Though this is a guide intended for writers, I found this full of lessons that are applicable to my work as a designer.

You write a shitty first draft of it and you sound it out, and you leave in those lines that ring true and take out the rest. I wish there were an easier, softer way, a shortcut, but this is the nature of most good writing: that you find out things as you go along. Then you go back and rewrite.

I love her notion of a "shitty first draft". The first draft of anything - a book, a site design, an illustration - will 100% of the time be crap, and it's always reassuring to know that everyone deals with this. Get through the first draft, and it will improve and become clear each time you learn more and iterate.

If your character suddenly pulls a half-eaten carrot out of her pocket, let her. Later you can ask yourself if this rings true. Train yourself to hear that small inner voice. Most people's intuitions are drowned out by folk sayings. We have a moment of real feeling or insight, and then we come up with a folk saying that captures the insight in a kind of wash. The intuition may be real and ripe, fresh with possibilities, but the folk saying is guaranteed to be a cliche, stale, and self-contained.

I see the design-equivalent of this as taking inspiration from what is there vs. blindly following trends. Trends followed just for the sake of being the "cool thing to do" right now will feel inauthentic to your customers, and will become dated shortly after you launch (and maybe even before, and then, well, good luck getting out of that hole).

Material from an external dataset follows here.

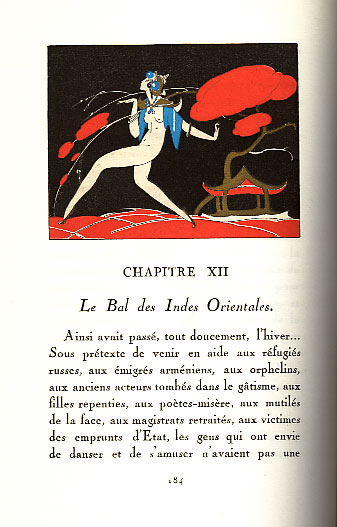 Le radjah de Mazulipatam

I am suggesting that there may be someone out in the world...who will read your finished drafts and give you an honest critique, let you know what does and doesn't work, give you some suggestions on things you might take out or things on which you need to elaborate, ways in which to make your piece stronger.

It's really never too early to get feedback on your work - the earlier you get it, the stronger your work will become. Even seek out those from outside the design field. They will bring a new perspective and will be able to point out flaws. Even if they can't necessarily articulate the reasoning in design terms - you can put it in design terms later and use that to dig into the root of why the design may or may not be working.